The makeup of RHE readers is no different than any other audience. Each member comes with their own expectations, and we do our best to say which of those expectations we can fulfill.
Sometimes it's annoying to hear RHE criticized for not being "as good as" the Khalid book, or rather, not being more like it. (Incidentally, if you happen to have both books, examine the table of contents for each one and you'll see why Khalid's publisher is not a group we're real happy with.)
We never wanted to help people to "ace" the exam. I surmise from many posts here that plenty of people really like the brain-teaser approach to exam preparation. Some mock questions take that method a step further and pose code that's poorly written -- weird constructor chains, broken recursion mixed in with overrides, etc., etc.
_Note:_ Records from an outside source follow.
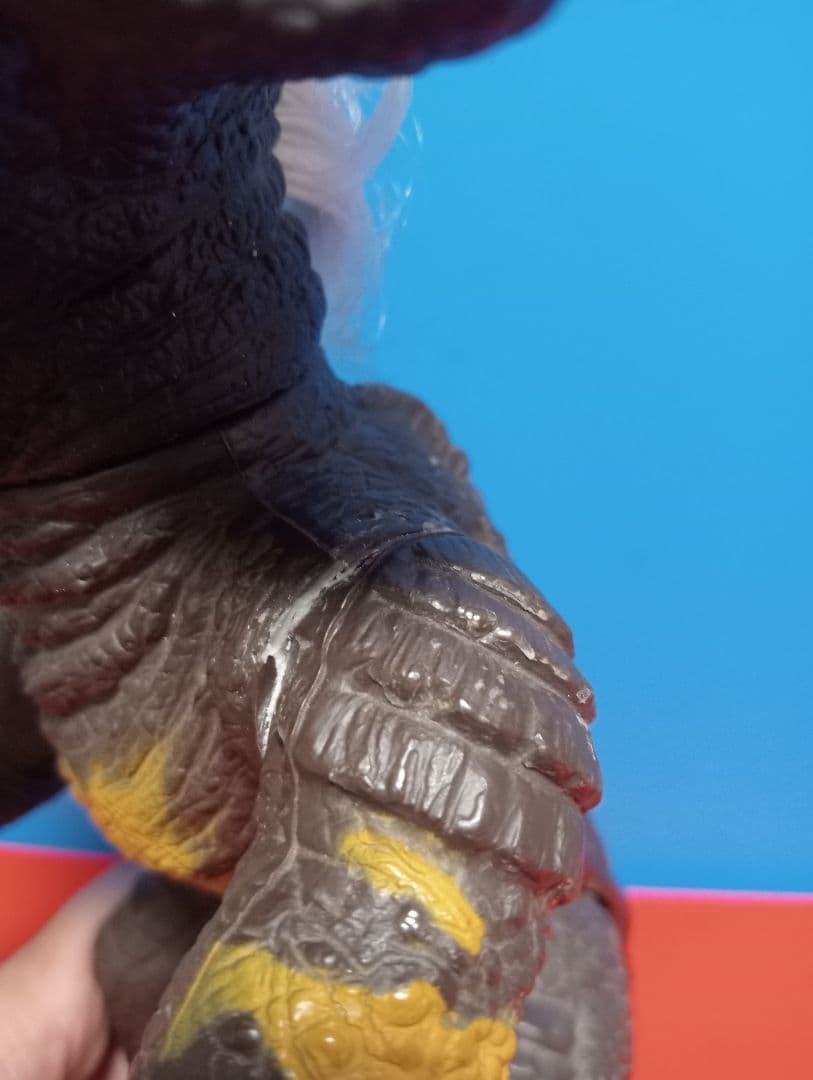 Made in USA レア1984年LJN社モデル グレムリン ストライプ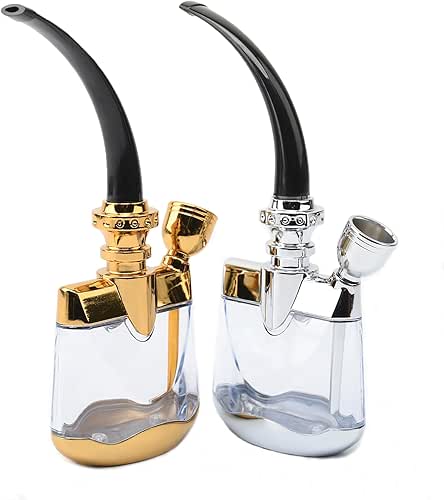 2 PCS Great Gifts for Mini Portable Hookah set with
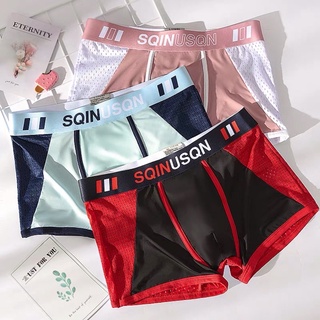 Combo 3 quần boxer nam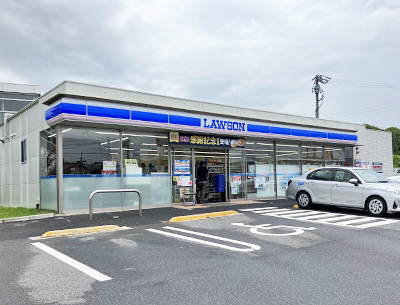 ローソン長久手古戦場駅前店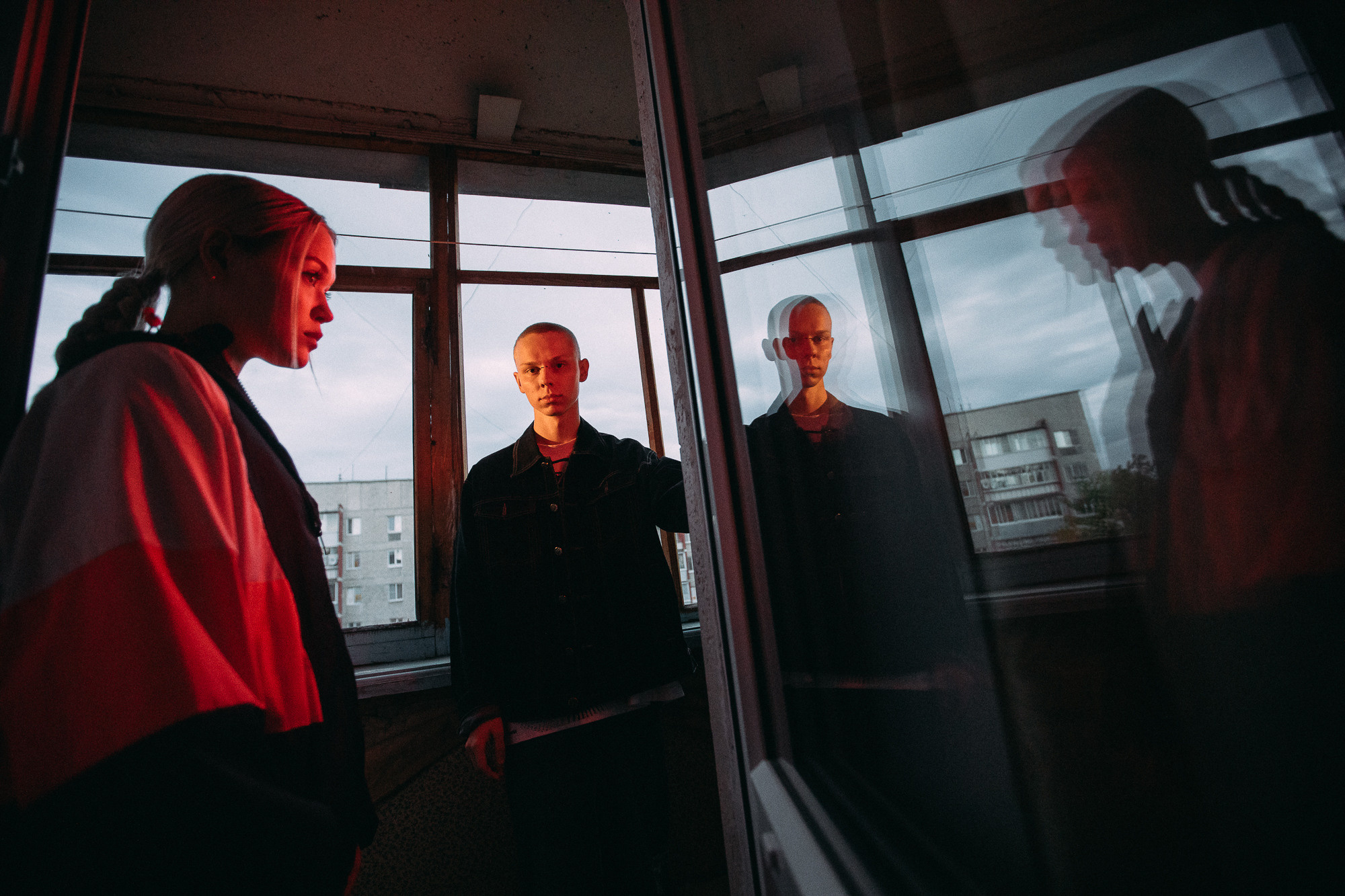 Там, где тебя нет. Свадебный и семейный фотограф в Екатеринбурге Илья Рихтер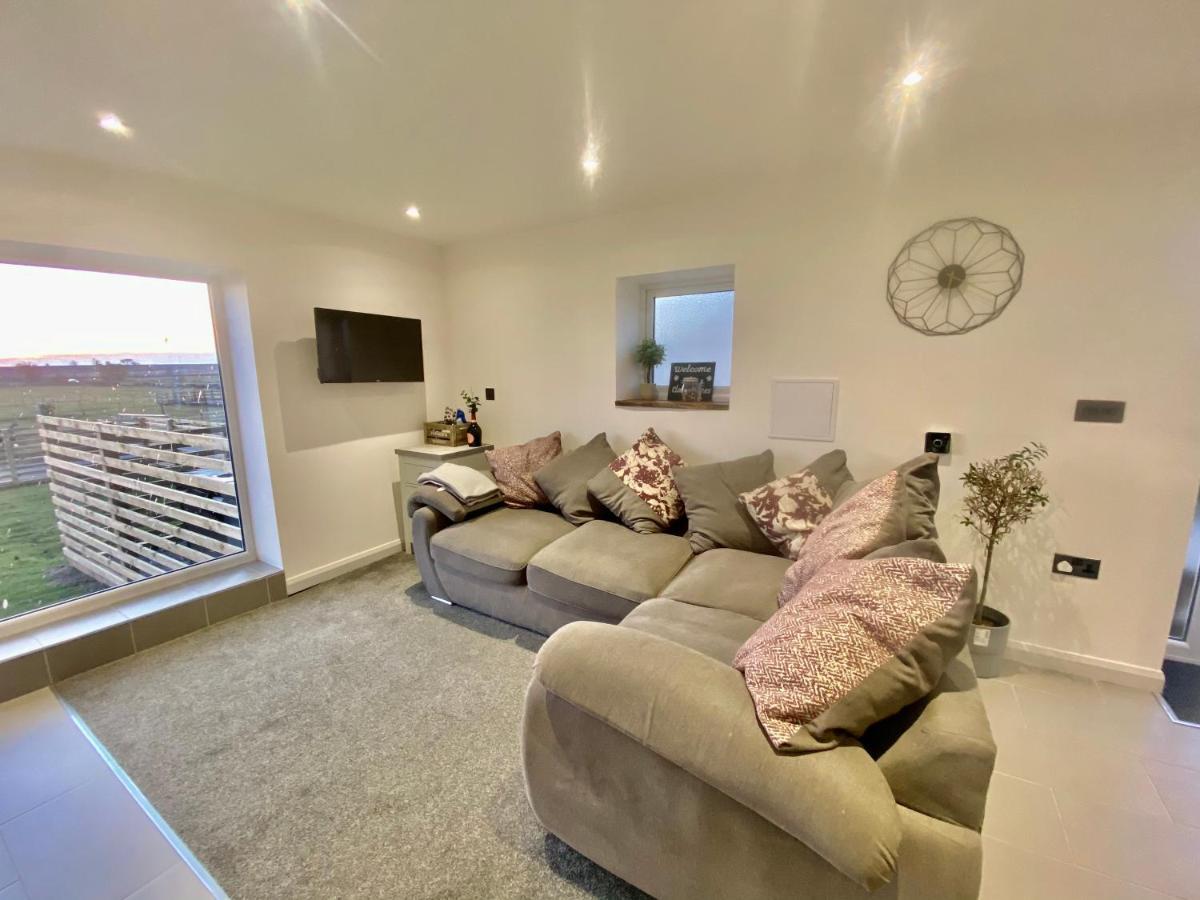 Clover Lodge Chesterfield Buitenkant foto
There's nothing wrong with that -- it just misses the points Sun intended in the first place. We didn't write RHE to test one's ability to read faulty code, but rather to learn to read what's missing in code that renders it faulty. If yuo can do that, you know what's wrong with language usage when you hear it, and not just when you study it carefully.
The same problem for learning a cultural language as well as a computational one -- the final step in mastering a second language comes when you move beyond recognizing the language as analogous to your own to just using it when you need it. In RHE, we figured we'd be talking to people who already could parallel Java to their previous experience. We simply didn't think anyone brand new to Java would take certification seriously -- it is, after all, an industrial certification, not an academic one.
It's professional programmers we wanted to take to the next step, and we say as much in the very beginning. We still want all our readers to learn from the experience, and to remember what they learned. Passing the SCJP exam, at least in my eyes, was simply a motivation, not the point of the exercise itself.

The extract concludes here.